With all the hype around big data analytics, not enough attention is being given to data quality or the validation of models built on the data. Despite their deterministic nature, algorithms are only as good as the data their modelers work with.
Simply defined, algorithms follow a series of instructions to solve a problem based on the input variables in the underlying model. From high frequency trading, credit scores and insurance rates to web search, recruiting and online dating, flawed algorithms and models can cause major displacements in markets and lives. The excessive focus on volume, velocity and variety of data and the technologies emerging to store, process and analyze it are rendered ineffectual if the algorithms result in bad decision outcomes or abuses.
One example is the flash crash that occurred on May 6, 2010. Within a few minutes, The Dow Jones Industrial average plunged 1,000 points only to recover less than 20 minutes later. While the cause was never fully explained, many market participants agree that quantitative algorithms were to blame. With algorithms responsible for up to 75% of trading volume, the potential for future calamitous events is more than likely. Despite the efficiencies, the absence of human intervention resulted in a cascade of events that triggered more trades to tank the market further. Have we learned nothing from the portfolio insurance of the 1980s that ultimately caused the 1987 crash?
On a more individual level, algorithms based on personal data, such as zip codes, payment histories and health records have the potential to be discriminatory in determining insurance rates and credit scores. Include social data into the mix and the resulting assumptions in models can skew outcomes even further.

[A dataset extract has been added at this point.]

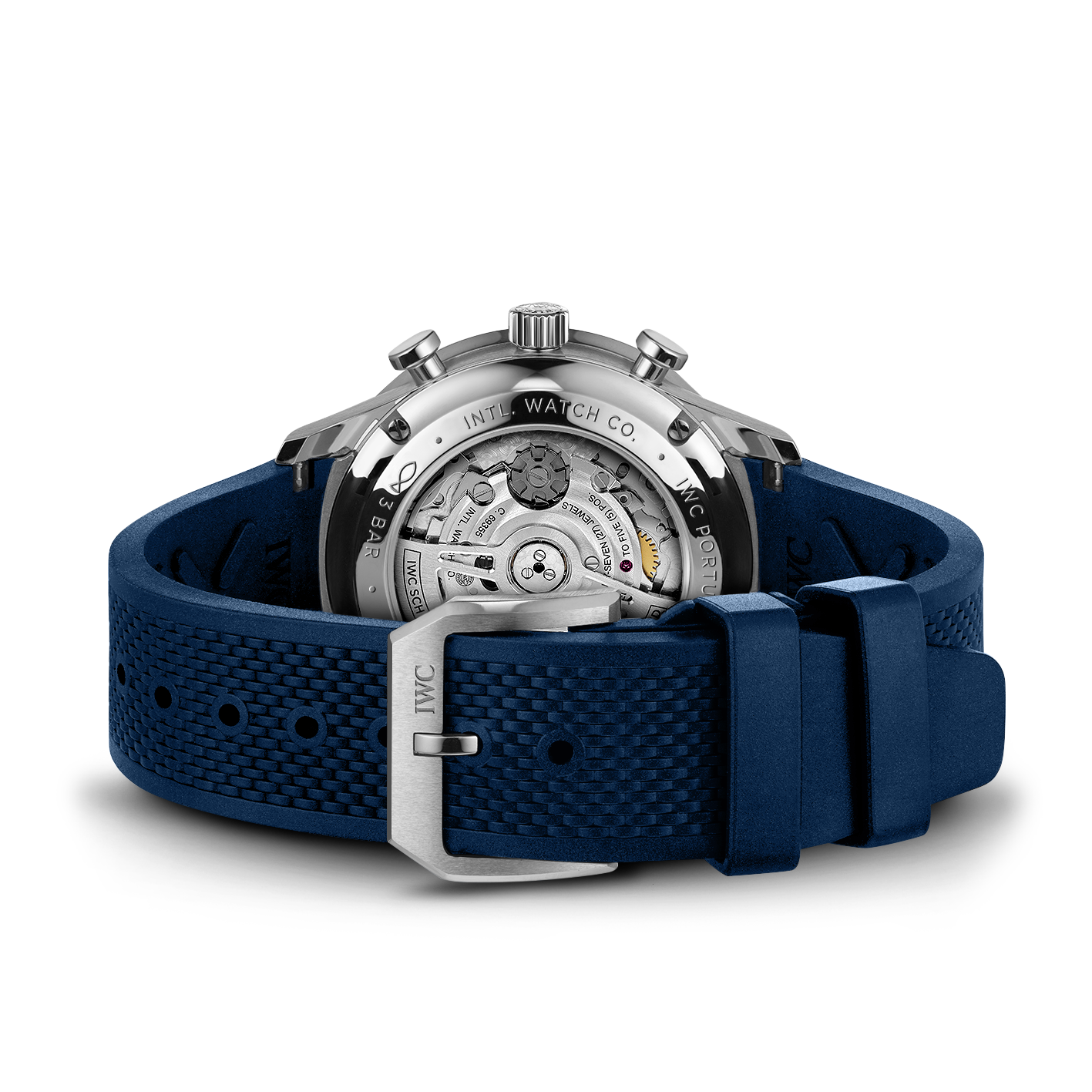 Orologio in acciaio Portugieser Chronograph Iwc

Another example is the revelations about the NSA’s collection and analysis of personal information. Governments have enacted legislation to allow data mining for indirect or non-obvious correlations in the name of national security. Similar algorithms are being used for profiling by municipal police departments. A modeling error may have devastating effects on every day citizens. And the potential breach of personal privacy leaves a gaping hole in governance.
Modeling in fields with controlled environments and reliable data inputs, such as drug discovery or predicting traffic patterns provide scientists the luxury of time to validate their models. However, in web search the time horizon may be two seconds and on a trading floor, milliseconds.
Focus on model validation
As big data becomes more pervasive, it becomes even more important to validate models and the integrity of data. A correlation between two variables does not necessarily mean that one causes the other. Coefficients of determination can easily be manipulated to fit the hypothesis behind the model. As such, this also distorts the analysis of the residuals. Models for spatial and temporal data would only appear to complicate validation even further.

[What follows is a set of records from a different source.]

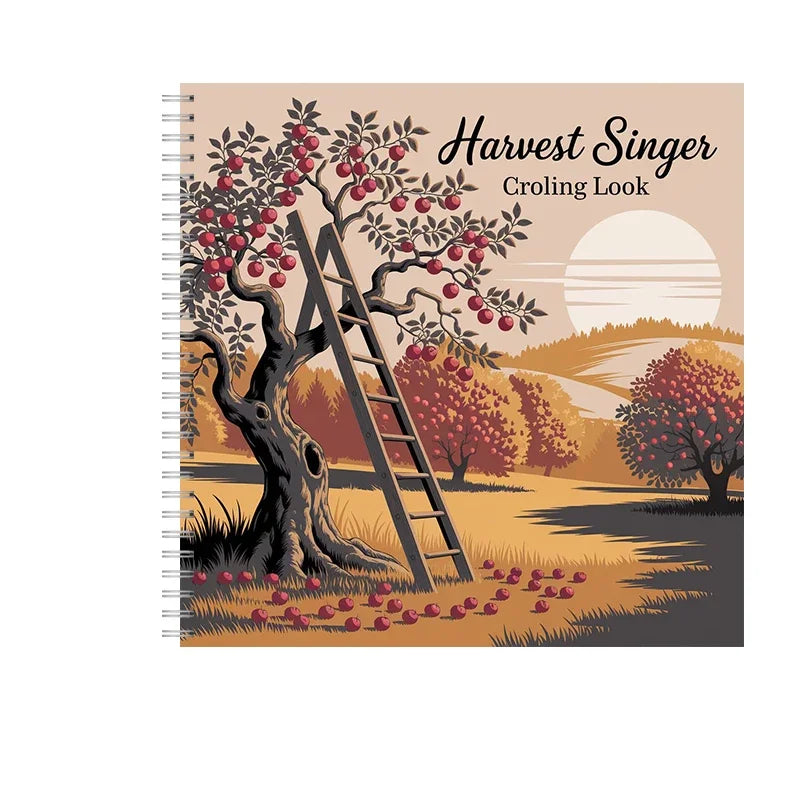 Springtime Mini Coloring Book for Adults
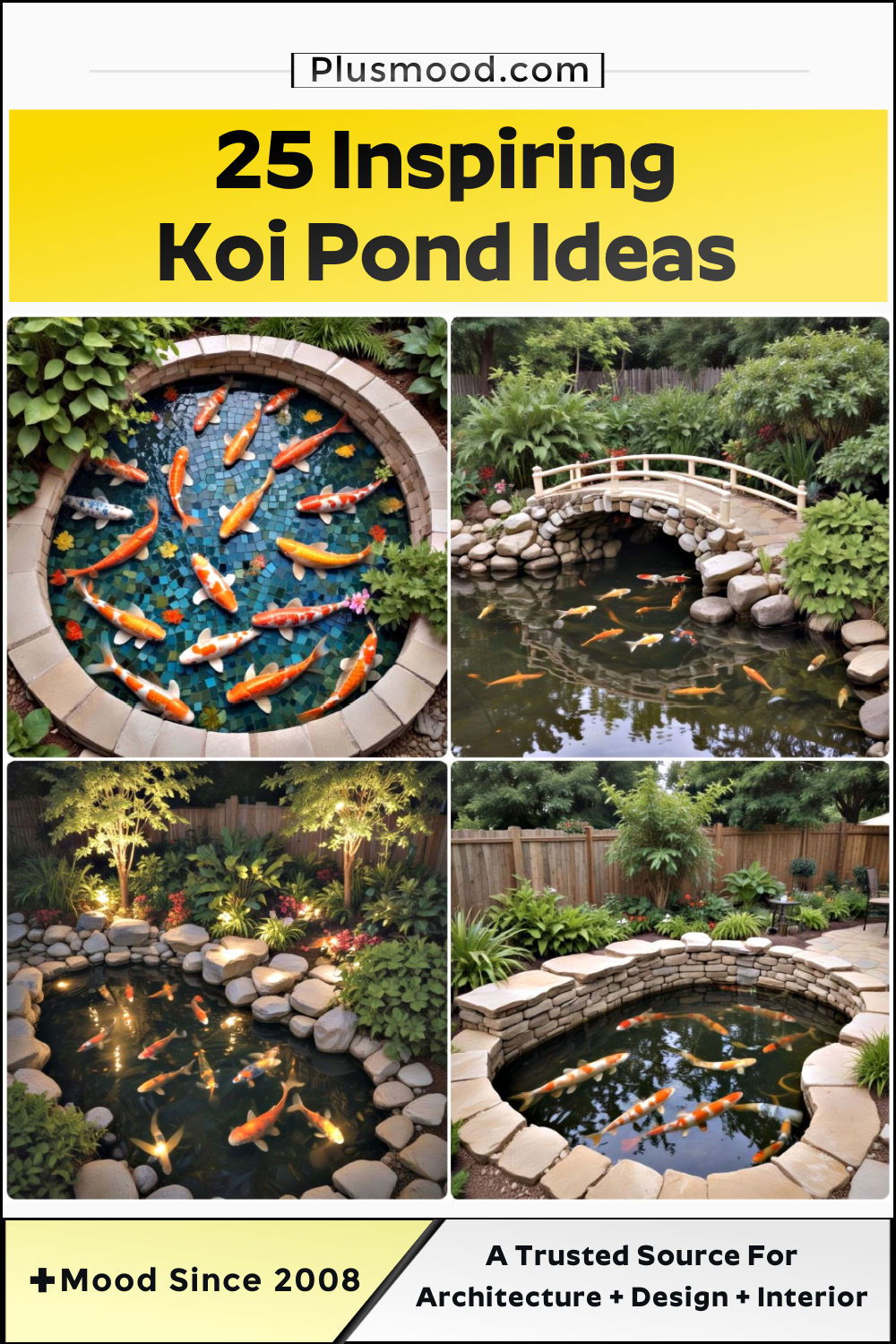 koi pond ideas and inspiration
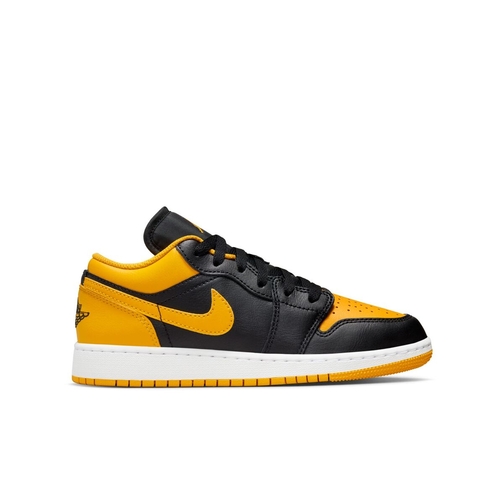 Jordan 1 black 2025 and yellow grade school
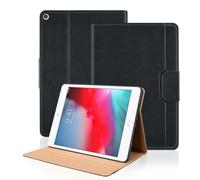 TIPOYOROO Étui en cuir PU pour iPad mini 5e génération 7,9", noir | Support de visionnage multi-angle pour iPad mini 1/2/3/4/5ème génération, emplacements pour cartes, magnétique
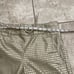 NWT Bevy Flog Shely Gold Checkered Capri size 29 Msrp 209 Casual Pockets Cotton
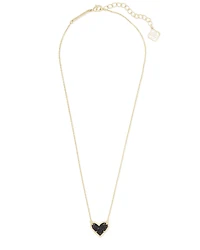 Ari Heart Gold Pendant Necklace Red Illusion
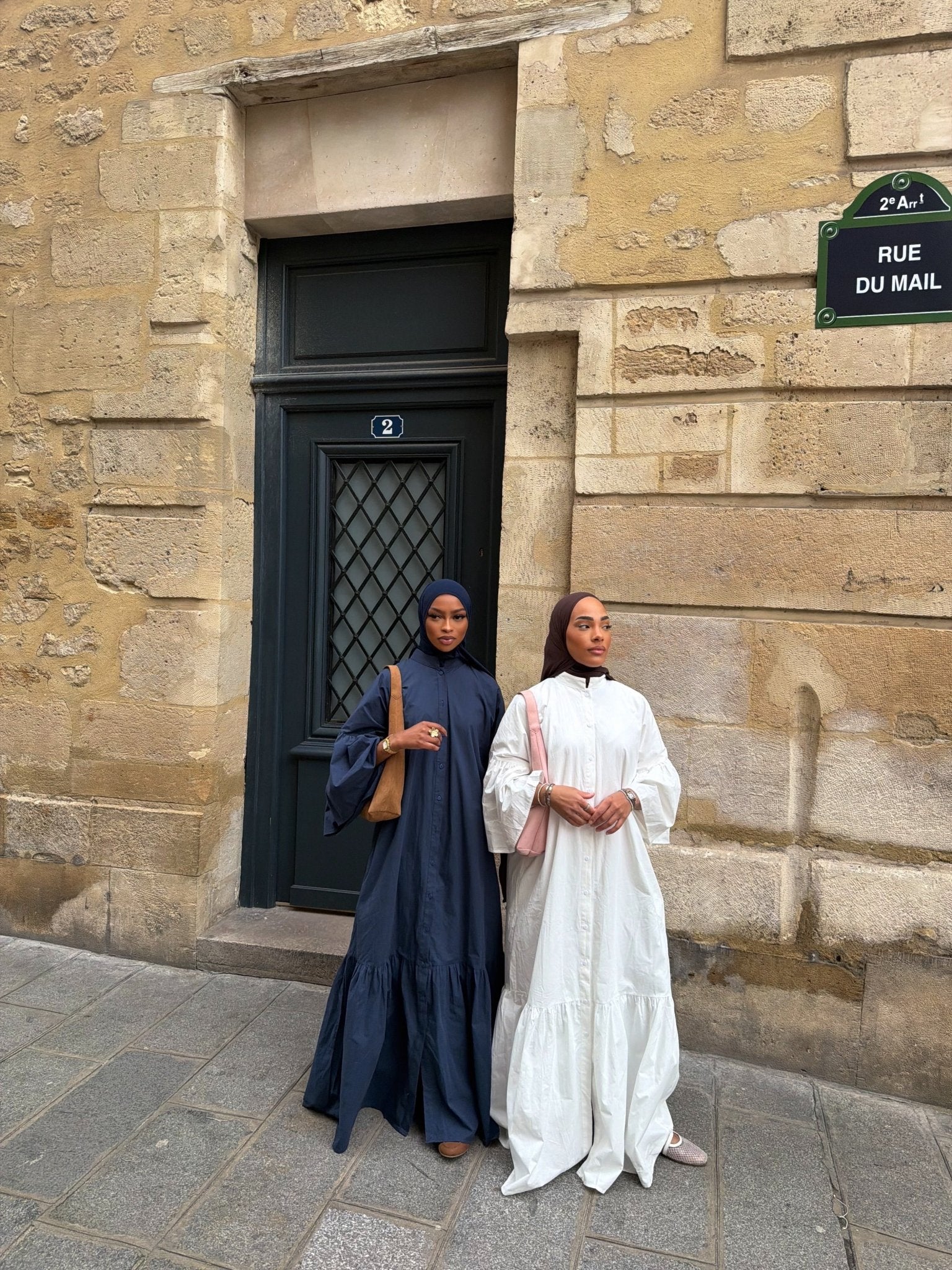 Robe Felicia Bleu Marine - TAHIRA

Data management tools have improved to significantly increase the reliability of the data inputs. Until machines devise the models, focus on the veracity of the data would improve model validation and reduce, not eliminate, inherent bias. It would also yield more valuable data.
Ways to improve data quality
Bad data is not just an IT problem. Missing data, misfielded attributes and duplicate records are among the causes of flawed data models. These in turn, undermine the organization’s ability to execute on strategy, maximize revenue and cost opportunities and adhere to governance, regulatory and compliance (GRC) mandates. Organizations need to enact rules, policies and processes to identify root cause and assure better data integrity.
Below are some antidotes for common data quality problems:
- Create enterprise-wide metadata with clear definitions and rules. This reduces errors for what data users can enter into a particular field, such as customer name, address, SSN, vendor, serial number or part number. This metadata should be used for integration with all applications, including those behind the firewall and in the cloud.
- Use data quality tools for real-time validation of all relevant information. The data quality solution should flexibly deploy with application servers, cloud environments or in an enterprise service bus (ESB). Mechanisms should exist for internal and external users to double-check the accuracy of their data entries.
- Establish policies and standards for data handling. Departments must be prevented from using unsanctioned applications or data stores often create rogue data or versions that are incompatible or not properly backed up. These must be endorsed by senior management to assure adherence and facilitate enforcement by IT.
- Profile data from the outset. This is to make certain that data converts smoothly from source application to target. This includes custom code and special processes beneath the data to know the exact shape and syntax in the source.
- Deploy performance management tools. This includes schema checks in job streams to test that data is complete and correctly formatted, as well as real-time monitoring to assure end user data experience.
- Inventory the entire infrastructure and application environment, including external cloud/SaaS applications.
- Document all IT initiatives, including Data Quality for Azure Data Lake standards, responsibilities and time lines. This helps define what is happening in databases and how various processes are interrelated.
- Make data governance an ongoing effort. This is to ensure that as data usage and the data itself changes, the data handling rules and policies adjust accordingly.